- Born: c. 1795 Newcastle upon Tyne, England
- Died: 30 October 1854 Lambeth, London, England
- Other names: Bernard De Burgh
- Occupations: Brewer, Wine Merchant, Accountant and Writer
- Spouse: Frances “Fanny” Cargill Whiteside

= Barnabas Brough =

British merchant and accountant

Barnabas Brough (c. 1795 – 30 October 1854), was a British merchant and accountant who wrote several plays under the pen name, Bernard De Burgh. He is probably best remembered for being a chief witness in the treason trial against Chartist, John Frost, and as the father of four notable sons.

==Biography==
Barnabas Brough was born around 1795 in Newcastle upon Tyne, the third of six children born to William and Mary (née Trotter) Brough.

Brough married Frances "Fanny" Cargill Whiteside on 9 July 1825 at St Marylebone Parish Church in London. The couple had three daughters and four sons. Their sons, William, Robert, John and Lionel, would all find success in the literary or performing arts. The actress Fanny Brough was a daughter of Robert Barnabas Brough.

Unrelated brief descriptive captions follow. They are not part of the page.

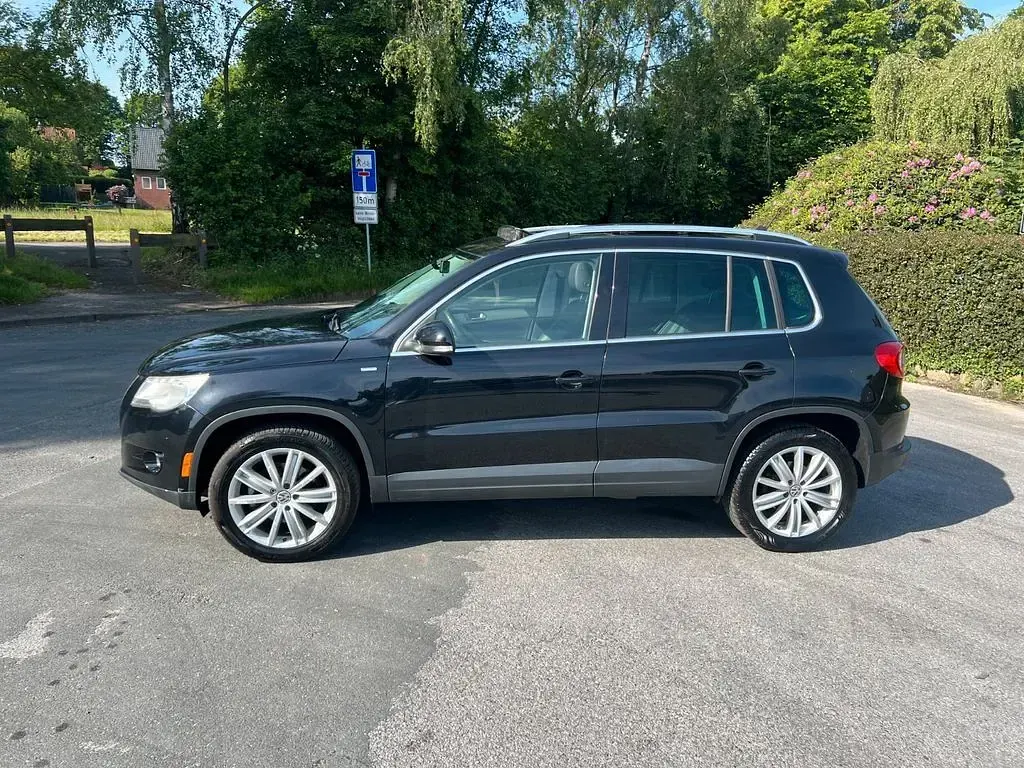 Gebraucht VW Tiguan Sportline 200 PS (147 kW) 2010 Schwarz SUV
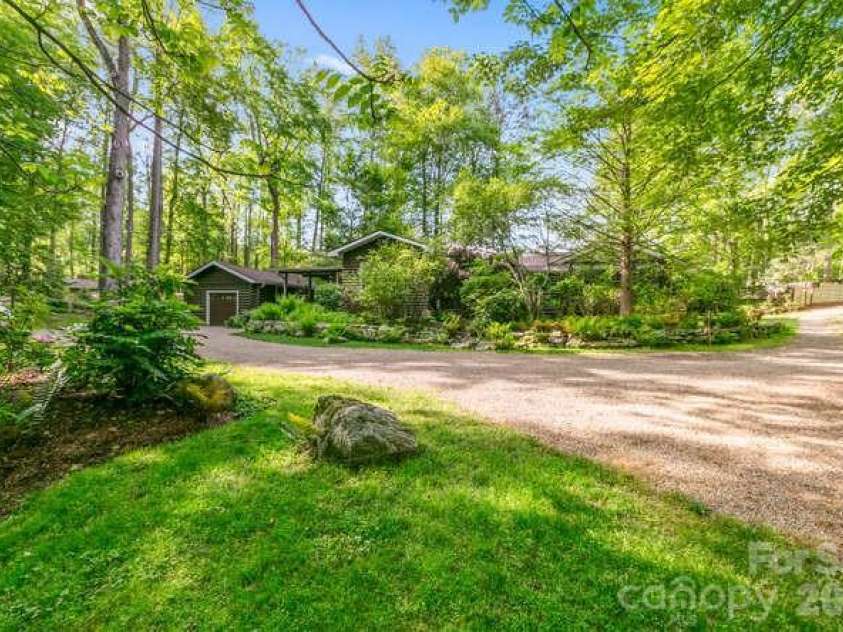 20 Deva Glen Road, Asheville, NC 28804.  MLS# CAR4366787, YatesRealty ID 30030. 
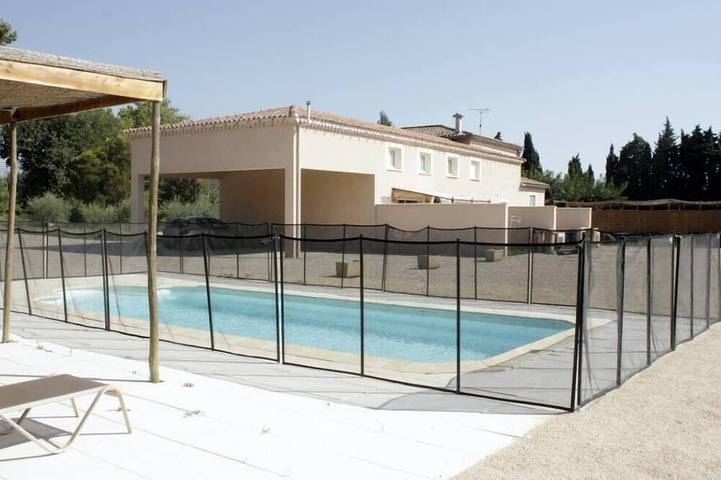 Gîte pour 6 personnes, avec terrasse et jardin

Brough relocated to Pontypool, Monmouthshire in the early 1830s, where he would operate a brewery and sell wine to area merchants. On the evening of 4 November 1839, Brough and a colleague were returning home from their rounds in Newport when they encountered a mob en route to free comrades being held by the authorities in Newport. The two were compelled at gunpoint to join the mob, but were released unharmed some hours later. The ensuing violence, known as the Newport Rising, was a chapter in the ongoing struggle between the British government and a group of reformists called Chartists. In 1847, Brough wrote of his confinement that night in his book, A Night with the Chartist.

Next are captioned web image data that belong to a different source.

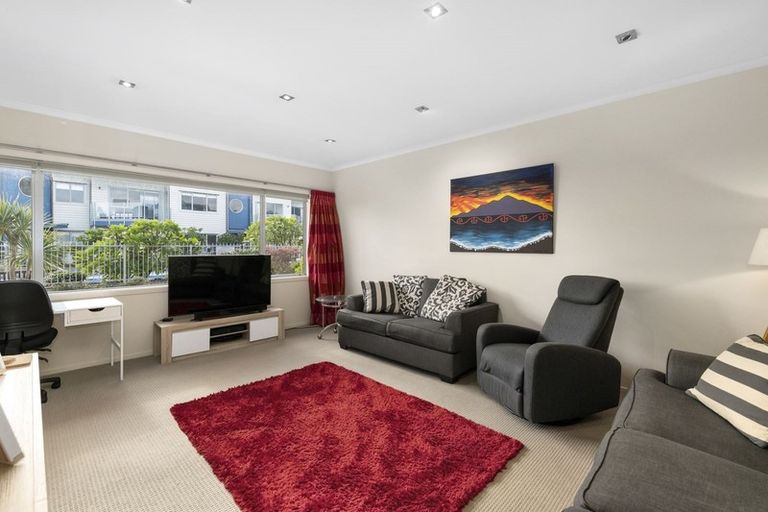 Photo of property in 13/4u Seaview Road, Paraparaumu Beach, Paraparaumu, 5032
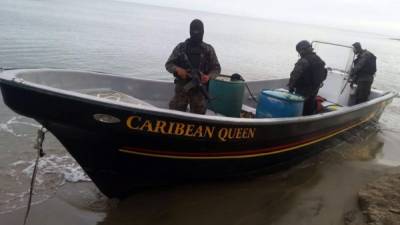 Lancha con once fardos de supuesta cocaína decomisada por la Naval de Honduras.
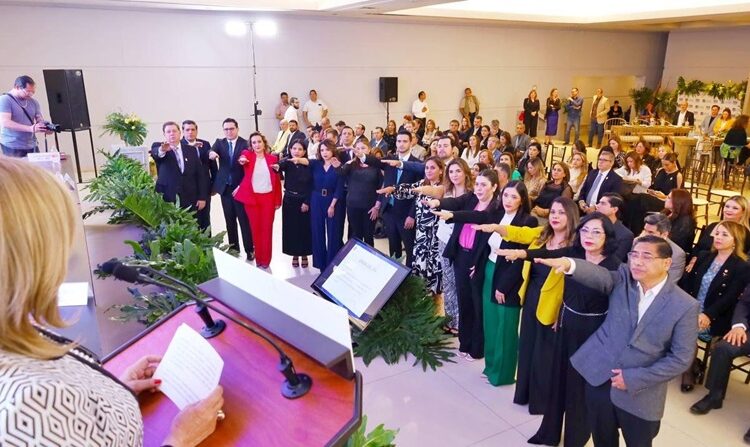 Refrenda Gattás Báez vínculo de colaboración con CANACO Victoria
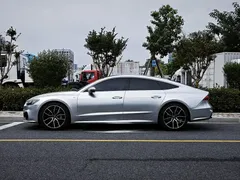 2022 Audi A7 45 TFSI — фото 5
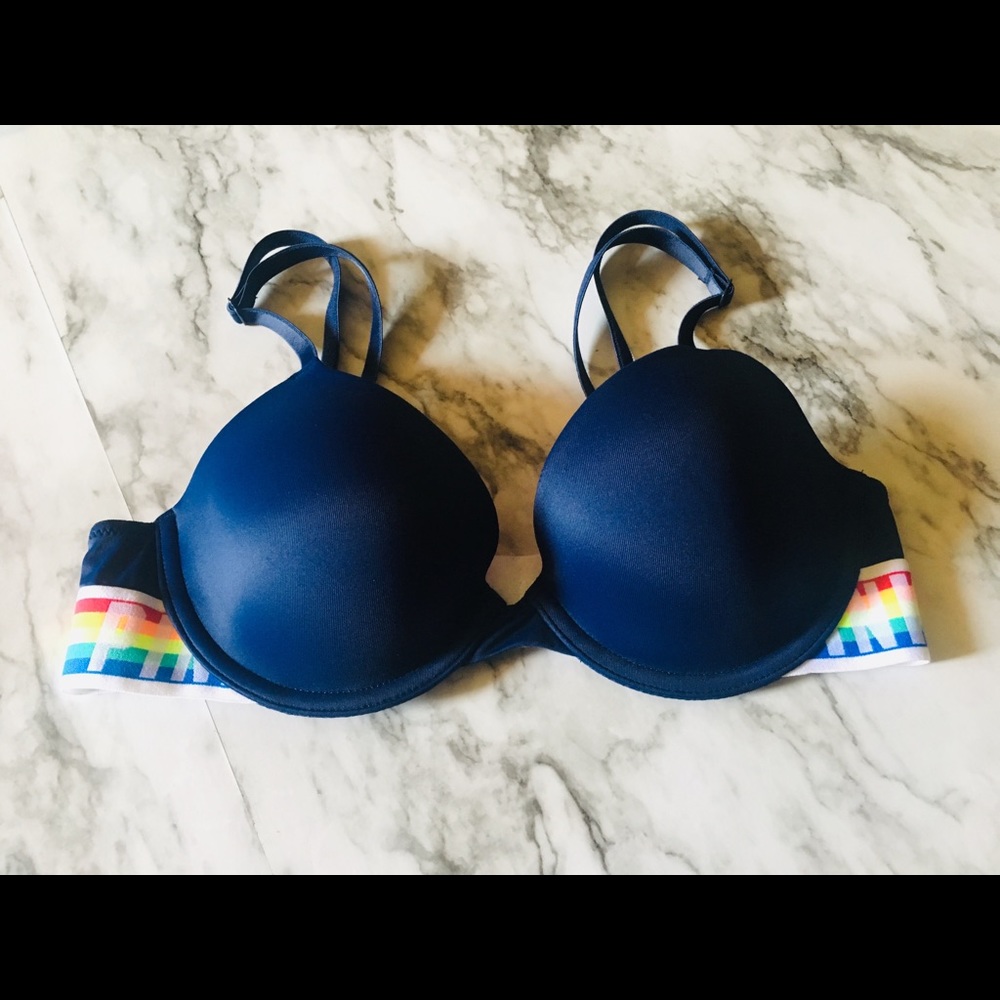 VS Pink bra NWOT 32B
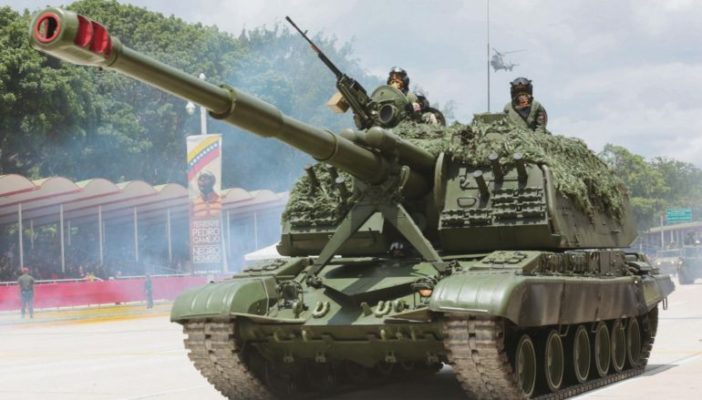 Maduro festeja independencia con los tanques en la calle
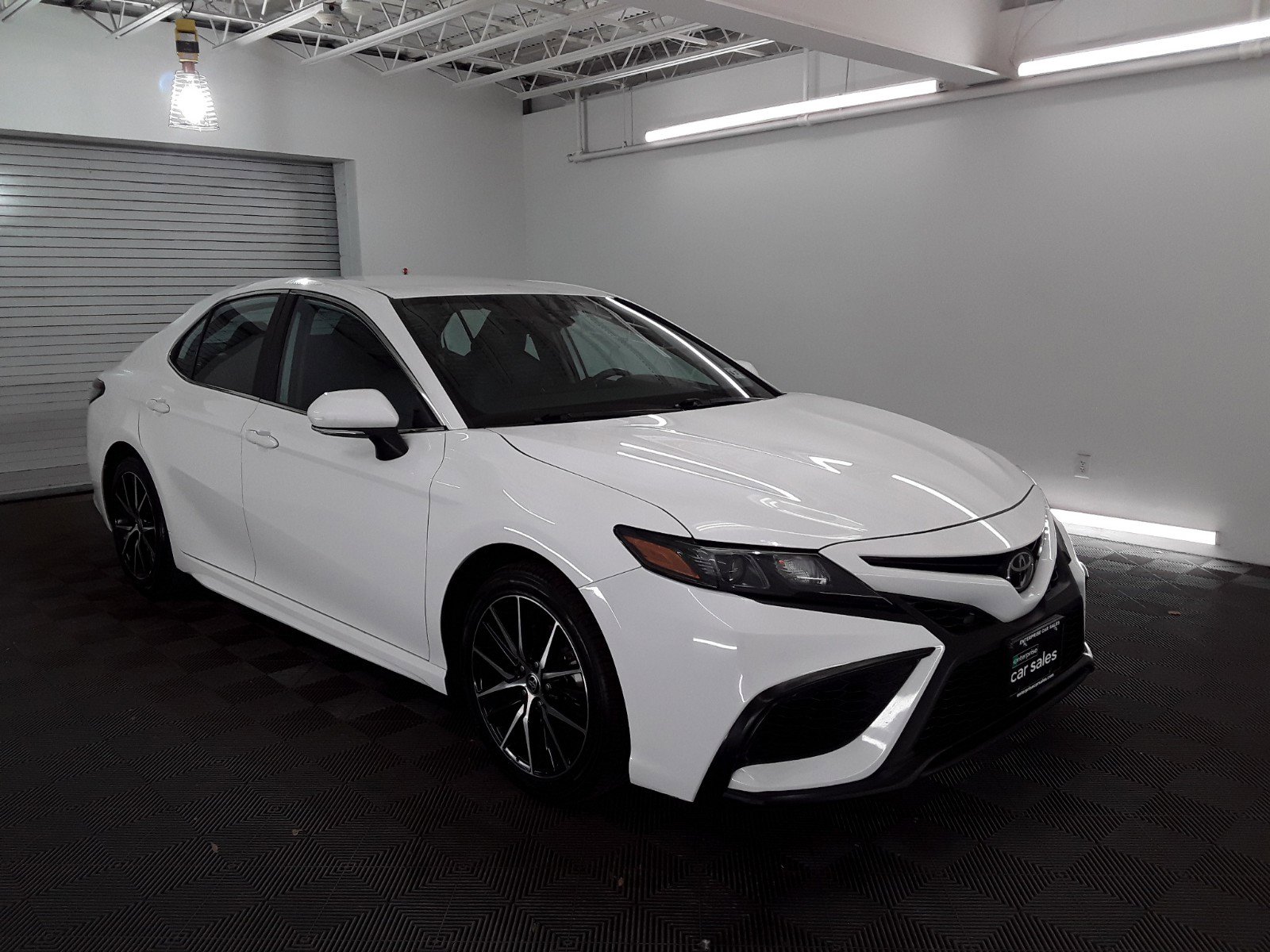 2022 Toyota Camry SE Auto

The following year Brough testified in the treason trial against John Frost, a leader of the Welsh Chartist movement. This led to resentment by a number of his neighbors and, in time, his business interests suffered. Brough left Wales in 1843 and moved his family to Manchester, where he found work as an accountant and auctioneer. In 1845 Brough became an accountant in the office of the Illustrated London News, a position he would hold for the remainder of his life. As Barnard de Burgh, Brough wrote several plays including, Davy Jones, or, The Welch Psalm Singer: a Gilpinic Tale and I Won't Go, or, How to Keep a Place: a Dramatic Sketch in One Act.

Brough died in Lambeth, London in 1854, aged 59 and was buried at West Norwood Cemetery. He was survived by his wife Frances and their seven children. As Frances Whiteside, Brough's wife wrote a number of stories and poems. In an 1860 edition of The Welcome Guest, published by her son Robert, she contributed two stories and the long poem, Karl the Martyr.